§ Problem statement:
The entries below contain a stretch that opens with the line containing "Low angle view" and closes with the line containing "A person doing"; set down that stretch exactly, both ends included, and nothing else.

Entries taken from a collection:
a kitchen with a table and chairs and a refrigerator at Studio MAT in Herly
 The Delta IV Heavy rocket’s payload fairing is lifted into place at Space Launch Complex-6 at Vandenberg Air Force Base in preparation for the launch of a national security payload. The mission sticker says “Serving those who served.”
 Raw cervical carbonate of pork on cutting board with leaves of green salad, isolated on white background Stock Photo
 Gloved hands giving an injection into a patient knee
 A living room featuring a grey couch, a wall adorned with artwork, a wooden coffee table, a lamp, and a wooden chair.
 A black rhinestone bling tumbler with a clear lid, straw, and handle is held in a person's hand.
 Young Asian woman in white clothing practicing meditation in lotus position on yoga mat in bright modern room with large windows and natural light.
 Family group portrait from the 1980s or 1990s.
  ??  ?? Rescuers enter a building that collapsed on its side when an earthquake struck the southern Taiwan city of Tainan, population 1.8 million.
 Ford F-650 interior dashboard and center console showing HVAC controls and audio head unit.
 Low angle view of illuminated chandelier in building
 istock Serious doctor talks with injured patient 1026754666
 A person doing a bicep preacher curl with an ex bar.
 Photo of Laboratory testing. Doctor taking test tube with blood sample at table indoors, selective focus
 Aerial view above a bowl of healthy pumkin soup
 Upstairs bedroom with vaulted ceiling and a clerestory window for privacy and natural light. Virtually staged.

§ Solution to the problem:
 Low angle view of illuminated chandelier in building
 istock Serious doctor talks with injured patient 1026754666
 A person doing a bicep preacher curl with an ex bar.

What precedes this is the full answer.